Hacker News new | ask | show | jobs
by cmroanirgo 2764 days ago
Found some interesting tidbits in their FAQ [0]:

"Q: What type of text can Amazon Textract detect and extract?

A: Amazon Textract can detect Latin-script characters from the standard English alphabet and ASCII symbols."

So, English only. But very worryingly is that they're going to keep your companies' documents:

"Q. Are document and image inputs processed by Amazon Textract stored, and how are they used by AWS?

A: Amazon Textract may store and use document and image inputs processed by the service solely to provide and maintain the service and to improve and develop the quality of Amazon Textract..."
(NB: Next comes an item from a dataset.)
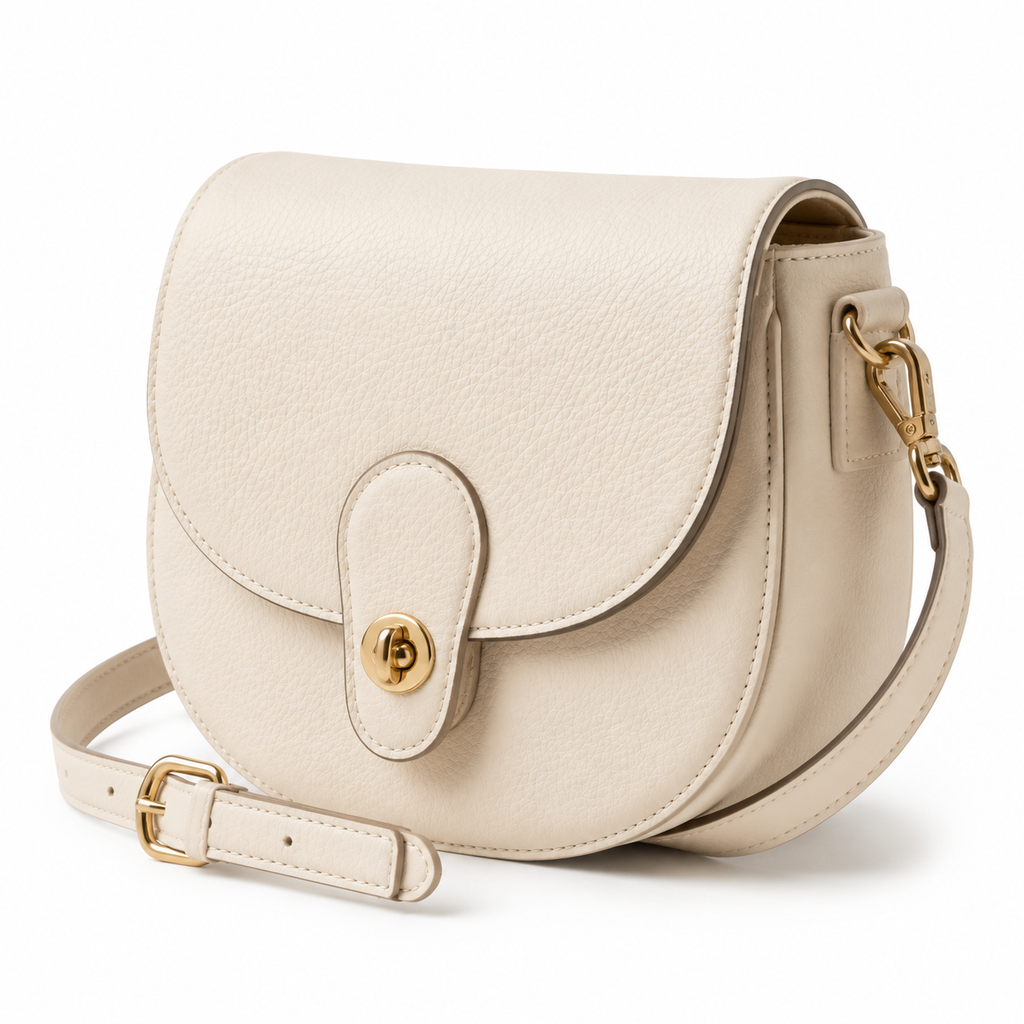 Side view of adjustable strap on cream leather crossbody bag.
"Q. Can I delete images and documents stored by Amazon Textract?

A: Yes. You can request deletion of document and image inputs associated with your account by contacting AWS Support. Deleting image and document inputs may degrade your Amazon Textract experience."

That said, I'm still baffled on what value-add they're providing? For me, from the name alone, it would generate other documents of common types: .txt (without images), .doc, .html (zip). That is, a large part of extracting text is the ability to reflow the text across page boundaries & columns. However, this product states that:

"All extracted data is returned with bounding box coordinates" [1]
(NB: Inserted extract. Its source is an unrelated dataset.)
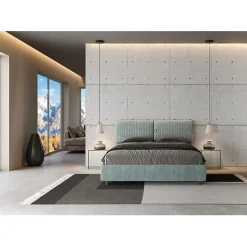 Lit rembourré sans sommier 160x210 Aragona 7 tissu bleu clair Mados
...which is how pdf documents lay things out in the first place...Have I missed something?

[0] https://aws.amazon.com/textract/faqs/

[1] https://aws.amazon.com/textract/features/

4 comments

The point of this service is to train their own OCR models for use in other products like Kindle / their e-book store. There doesn't really need to be a value add - if people use it it's a win for them... if people don't it's not really a big loss.
But in order to train something you have to have the input of what is actually there, I don’t see how that is provided here.
There might be a way for users to rate the quality of the result, or at least report it if it is very wrong.
Think less about books, and more about automating input from forms filled out by hand. In working with this tech, I can say that none of it is great and it would be very nice to be able to ditch what's available for stuff that would work better.

For my employer's use case, the data storage and privacy implications are a non-starter.

Wonder if they will offer a local solution.
Shameless plug: I work on custom solutions that do this locally, shoot me an email if interested.
As tracker1 mentioned, don't think of this as for reflowing text for different devices but as a data capture and documents processing solution.

Example: You are dealing with a lot of PDF documents that contain unstructured information (e.g. a filled form) and you need to extract bits of information (e.g. name, address) and output it in a structured format (e.g. JSON/XLS).

Keeping documents and analyzing your business is not new and will not keep people from using it in their companies I'm afraid. At least it doesn't stop people from Using Windows and other M$ products.